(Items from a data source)
○ ○ ○ ○ ○ ○ ○
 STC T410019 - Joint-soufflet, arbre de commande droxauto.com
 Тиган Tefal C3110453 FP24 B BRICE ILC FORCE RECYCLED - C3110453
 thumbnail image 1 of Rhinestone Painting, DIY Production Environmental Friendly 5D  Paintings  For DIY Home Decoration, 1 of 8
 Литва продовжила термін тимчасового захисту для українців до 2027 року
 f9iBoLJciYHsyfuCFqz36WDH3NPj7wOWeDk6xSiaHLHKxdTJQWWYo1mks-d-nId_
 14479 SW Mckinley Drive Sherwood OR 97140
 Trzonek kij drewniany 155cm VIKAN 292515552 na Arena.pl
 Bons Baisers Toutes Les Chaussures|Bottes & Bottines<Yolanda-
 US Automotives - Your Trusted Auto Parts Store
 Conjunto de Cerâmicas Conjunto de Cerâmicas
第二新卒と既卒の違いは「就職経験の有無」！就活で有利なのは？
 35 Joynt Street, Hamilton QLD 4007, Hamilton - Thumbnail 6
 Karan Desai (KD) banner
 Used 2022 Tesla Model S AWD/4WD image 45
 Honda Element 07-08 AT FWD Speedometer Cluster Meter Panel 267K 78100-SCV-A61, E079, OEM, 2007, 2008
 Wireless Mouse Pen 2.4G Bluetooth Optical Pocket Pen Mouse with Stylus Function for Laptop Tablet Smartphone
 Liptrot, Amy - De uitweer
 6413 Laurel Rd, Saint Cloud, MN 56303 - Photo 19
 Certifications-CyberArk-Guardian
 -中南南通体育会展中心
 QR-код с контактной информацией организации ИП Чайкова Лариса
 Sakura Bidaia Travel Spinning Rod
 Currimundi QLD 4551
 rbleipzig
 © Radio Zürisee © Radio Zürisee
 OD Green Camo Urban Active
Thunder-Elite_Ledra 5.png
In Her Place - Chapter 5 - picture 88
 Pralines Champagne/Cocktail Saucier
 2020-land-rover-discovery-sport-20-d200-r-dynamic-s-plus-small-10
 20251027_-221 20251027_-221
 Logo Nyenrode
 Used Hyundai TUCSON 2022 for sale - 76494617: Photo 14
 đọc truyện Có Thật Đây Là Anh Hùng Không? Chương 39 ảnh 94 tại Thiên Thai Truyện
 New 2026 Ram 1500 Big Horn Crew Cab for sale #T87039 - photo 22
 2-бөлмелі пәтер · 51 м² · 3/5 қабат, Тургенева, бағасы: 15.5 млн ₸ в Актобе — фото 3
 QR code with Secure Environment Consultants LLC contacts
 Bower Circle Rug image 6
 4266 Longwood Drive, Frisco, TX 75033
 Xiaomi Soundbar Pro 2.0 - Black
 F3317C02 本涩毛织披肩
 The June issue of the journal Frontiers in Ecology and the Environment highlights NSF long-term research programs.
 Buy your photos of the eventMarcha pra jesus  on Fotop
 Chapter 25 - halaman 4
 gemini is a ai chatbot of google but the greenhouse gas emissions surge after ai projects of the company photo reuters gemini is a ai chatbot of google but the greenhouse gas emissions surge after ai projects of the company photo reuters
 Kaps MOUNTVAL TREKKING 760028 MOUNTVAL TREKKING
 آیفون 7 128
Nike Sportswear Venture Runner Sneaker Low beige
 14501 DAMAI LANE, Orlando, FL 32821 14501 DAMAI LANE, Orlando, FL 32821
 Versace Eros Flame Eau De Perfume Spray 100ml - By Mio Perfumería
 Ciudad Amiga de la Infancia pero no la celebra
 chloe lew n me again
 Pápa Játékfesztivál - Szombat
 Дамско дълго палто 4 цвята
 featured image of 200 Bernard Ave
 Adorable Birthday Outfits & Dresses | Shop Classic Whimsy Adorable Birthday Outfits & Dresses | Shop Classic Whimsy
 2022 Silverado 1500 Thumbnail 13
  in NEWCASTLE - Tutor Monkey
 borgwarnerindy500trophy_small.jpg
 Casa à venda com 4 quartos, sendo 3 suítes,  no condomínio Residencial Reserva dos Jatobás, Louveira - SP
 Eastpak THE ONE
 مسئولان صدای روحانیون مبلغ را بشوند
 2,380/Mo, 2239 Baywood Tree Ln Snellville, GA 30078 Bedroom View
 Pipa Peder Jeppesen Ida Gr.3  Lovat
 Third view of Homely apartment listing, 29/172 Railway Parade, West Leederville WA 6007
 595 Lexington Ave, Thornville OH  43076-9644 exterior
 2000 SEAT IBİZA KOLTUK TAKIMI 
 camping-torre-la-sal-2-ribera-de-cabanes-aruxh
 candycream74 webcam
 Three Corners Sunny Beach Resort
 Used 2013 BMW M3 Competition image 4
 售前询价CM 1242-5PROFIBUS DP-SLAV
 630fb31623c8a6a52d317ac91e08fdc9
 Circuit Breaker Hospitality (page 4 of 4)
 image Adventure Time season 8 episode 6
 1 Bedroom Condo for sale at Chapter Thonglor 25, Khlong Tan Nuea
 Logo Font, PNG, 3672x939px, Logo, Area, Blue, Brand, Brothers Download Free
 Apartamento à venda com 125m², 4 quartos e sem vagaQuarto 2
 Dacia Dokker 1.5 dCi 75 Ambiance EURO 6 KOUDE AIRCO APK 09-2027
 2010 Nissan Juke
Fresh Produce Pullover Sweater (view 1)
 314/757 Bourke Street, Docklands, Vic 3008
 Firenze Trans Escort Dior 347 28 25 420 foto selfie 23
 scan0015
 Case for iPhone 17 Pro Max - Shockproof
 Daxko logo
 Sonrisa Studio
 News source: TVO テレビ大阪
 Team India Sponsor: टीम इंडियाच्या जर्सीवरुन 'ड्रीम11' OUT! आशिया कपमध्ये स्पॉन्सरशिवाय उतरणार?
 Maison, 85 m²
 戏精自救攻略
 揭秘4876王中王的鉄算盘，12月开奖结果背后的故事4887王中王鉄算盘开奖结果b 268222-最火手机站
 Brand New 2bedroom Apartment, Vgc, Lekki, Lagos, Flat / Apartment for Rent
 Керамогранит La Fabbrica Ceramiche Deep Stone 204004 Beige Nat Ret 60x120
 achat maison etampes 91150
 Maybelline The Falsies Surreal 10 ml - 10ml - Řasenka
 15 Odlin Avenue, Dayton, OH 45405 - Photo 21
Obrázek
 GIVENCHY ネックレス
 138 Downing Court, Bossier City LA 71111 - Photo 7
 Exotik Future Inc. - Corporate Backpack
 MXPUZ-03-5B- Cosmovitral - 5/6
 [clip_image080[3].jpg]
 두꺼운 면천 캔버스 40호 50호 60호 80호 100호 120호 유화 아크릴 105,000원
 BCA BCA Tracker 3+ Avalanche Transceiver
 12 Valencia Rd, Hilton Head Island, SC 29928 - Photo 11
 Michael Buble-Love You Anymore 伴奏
○ ○ ○ ○ ○ ○ ○
• **What you should do**:
The records must be given again in full, exactly as they were written.

• **Output of the task**:
 STC T410019 - Joint-soufflet, arbre de commande droxauto.com
 Тиган Tefal C3110453 FP24 B BRICE ILC FORCE RECYCLED - C3110453
 thumbnail image 1 of Rhinestone Painting, DIY Production Environmental Friendly 5D  Paintings  For DIY Home Decoration, 1 of 8
 Литва продовжила термін тимчасового захисту для українців до 2027 року
 f9iBoLJciYHsyfuCFqz36WDH3NPj7wOWeDk6xSiaHLHKxdTJQWWYo1mks-d-nId_
 14479 SW Mckinley Drive Sherwood OR 97140
 Trzonek kij drewniany 155cm VIKAN 292515552 na Arena.pl
 Bons Baisers Toutes Les Chaussures|Bottes & Bottines<Yolanda-
 US Automotives - Your Trusted Auto Parts Store
 Conjunto de Cerâmicas Conjunto de Cerâmicas
第二新卒と既卒の違いは「就職経験の有無」！就活で有利なのは？
 35 Joynt Street, Hamilton QLD 4007, Hamilton - Thumbnail 6
 Karan Desai (KD) banner
 Used 2022 Tesla Model S AWD/4WD image 45
 Honda Element 07-08 AT FWD Speedometer Cluster Meter Panel 267K 78100-SCV-A61, E079, OEM, 2007, 2008
 Wireless Mouse Pen 2.4G Bluetooth Optical Pocket Pen Mouse with Stylus Function for Laptop Tablet Smartphone
 Liptrot, Amy - De uitweer
 6413 Laurel Rd, Saint Cloud, MN 56303 - Photo 19
 Certifications-CyberArk-Guardian
 -中南南通体育会展中心
 QR-код с контактной информацией организации ИП Чайкова Лариса
 Sakura Bidaia Travel Spinning Rod
 Currimundi QLD 4551
 rbleipzig
 © Radio Zürisee © Radio Zürisee
 OD Green Camo Urban Active
Thunder-Elite_Ledra 5.png
In Her Place - Chapter 5 - picture 88
 Pralines Champagne/Cocktail Saucier
 2020-land-rover-discovery-sport-20-d200-r-dynamic-s-plus-small-10
 20251027_-221 20251027_-221
 Logo Nyenrode
 Used Hyundai TUCSON 2022 for sale - 76494617: Photo 14
 đọc truyện Có Thật Đây Là Anh Hùng Không? Chương 39 ảnh 94 tại Thiên Thai Truyện
 New 2026 Ram 1500 Big Horn Crew Cab for sale #T87039 - photo 22
 2-бөлмелі пәтер · 51 м² · 3/5 қабат, Тургенева, бағасы: 15.5 млн ₸ в Актобе — фото 3
 QR code with Secure Environment Consultants LLC contacts
 Bower Circle Rug image 6
 4266 Longwood Drive, Frisco, TX 75033
 Xiaomi Soundbar Pro 2.0 - Black
 F3317C02 本涩毛织披肩
 The June issue of the journal Frontiers in Ecology and the Environment highlights NSF long-term research programs.
 Buy your photos of the eventMarcha pra jesus  on Fotop
 Chapter 25 - halaman 4
 gemini is a ai chatbot of google but the greenhouse gas emissions surge after ai projects of the company photo reuters gemini is a ai chatbot of google but the greenhouse gas emissions surge after ai projects of the company photo reuters
 Kaps MOUNTVAL TREKKING 760028 MOUNTVAL TREKKING
 آیفون 7 128
Nike Sportswear Venture Runner Sneaker Low beige
 14501 DAMAI LANE, Orlando, FL 32821 14501 DAMAI LANE, Orlando, FL 32821
 Versace Eros Flame Eau De Perfume Spray 100ml - By Mio Perfumería
 Ciudad Amiga de la Infancia pero no la celebra
 chloe lew n me again
 Pápa Játékfesztivál - Szombat
 Дамско дълго палто 4 цвята
 featured image of 200 Bernard Ave
 Adorable Birthday Outfits & Dresses | Shop Classic Whimsy Adorable Birthday Outfits & Dresses | Shop Classic Whimsy
 2022 Silverado 1500 Thumbnail 13
  in NEWCASTLE - Tutor Monkey
 borgwarnerindy500trophy_small.jpg
 Casa à venda com 4 quartos, sendo 3 suítes,  no condomínio Residencial Reserva dos Jatobás, Louveira - SP
 Eastpak THE ONE
 مسئولان صدای روحانیون مبلغ را بشوند
 2,380/Mo, 2239 Baywood Tree Ln Snellville, GA 30078 Bedroom View
 Pipa Peder Jeppesen Ida Gr.3  Lovat
 Third view of Homely apartment listing, 29/172 Railway Parade, West Leederville WA 6007
 595 Lexington Ave, Thornville OH  43076-9644 exterior
 2000 SEAT IBİZA KOLTUK TAKIMI 
 camping-torre-la-sal-2-ribera-de-cabanes-aruxh
 candycream74 webcam
 Three Corners Sunny Beach Resort
 Used 2013 BMW M3 Competition image 4
 售前询价CM 1242-5PROFIBUS DP-SLAV
 630fb31623c8a6a52d317ac91e08fdc9
 Circuit Breaker Hospitality (page 4 of 4)
 image Adventure Time season 8 episode 6
 1 Bedroom Condo for sale at Chapter Thonglor 25, Khlong Tan Nuea
 Logo Font, PNG, 3672x939px, Logo, Area, Blue, Brand, Brothers Download Free
 Apartamento à venda com 125m², 4 quartos e sem vagaQuarto 2
 Dacia Dokker 1.5 dCi 75 Ambiance EURO 6 KOUDE AIRCO APK 09-2027
 2010 Nissan Juke
Fresh Produce Pullover Sweater (view 1)
 314/757 Bourke Street, Docklands, Vic 3008
 Firenze Trans Escort Dior 347 28 25 420 foto selfie 23
 scan0015
 Case for iPhone 17 Pro Max - Shockproof
 Daxko logo
 Sonrisa Studio
 News source: TVO テレビ大阪
 Team India Sponsor: टीम इंडियाच्या जर्सीवरुन 'ड्रीम11' OUT! आशिया कपमध्ये स्पॉन्सरशिवाय उतरणार?
 Maison, 85 m²
 戏精自救攻略
 揭秘4876王中王的鉄算盘，12月开奖结果背后的故事4887王中王鉄算盘开奖结果b 268222-最火手机站
 Brand New 2bedroom Apartment, Vgc, Lekki, Lagos, Flat / Apartment for Rent
 Керамогранит La Fabbrica Ceramiche Deep Stone 204004 Beige Nat Ret 60x120
 achat maison etampes 91150
 Maybelline The Falsies Surreal 10 ml - 10ml - Řasenka
 15 Odlin Avenue, Dayton, OH 45405 - Photo 21
Obrázek
 GIVENCHY ネックレス
 138 Downing Court, Bossier City LA 71111 - Photo 7
 Exotik Future Inc. - Corporate Backpack
 MXPUZ-03-5B- Cosmovitral - 5/6
 [clip_image080[3].jpg]
 두꺼운 면천 캔버스 40호 50호 60호 80호 100호 120호 유화 아크릴 105,000원
 BCA BCA Tracker 3+ Avalanche Transceiver
 12 Valencia Rd, Hilton Head Island, SC 29928 - Photo 11
 Michael Buble-Love You Anymore 伴奏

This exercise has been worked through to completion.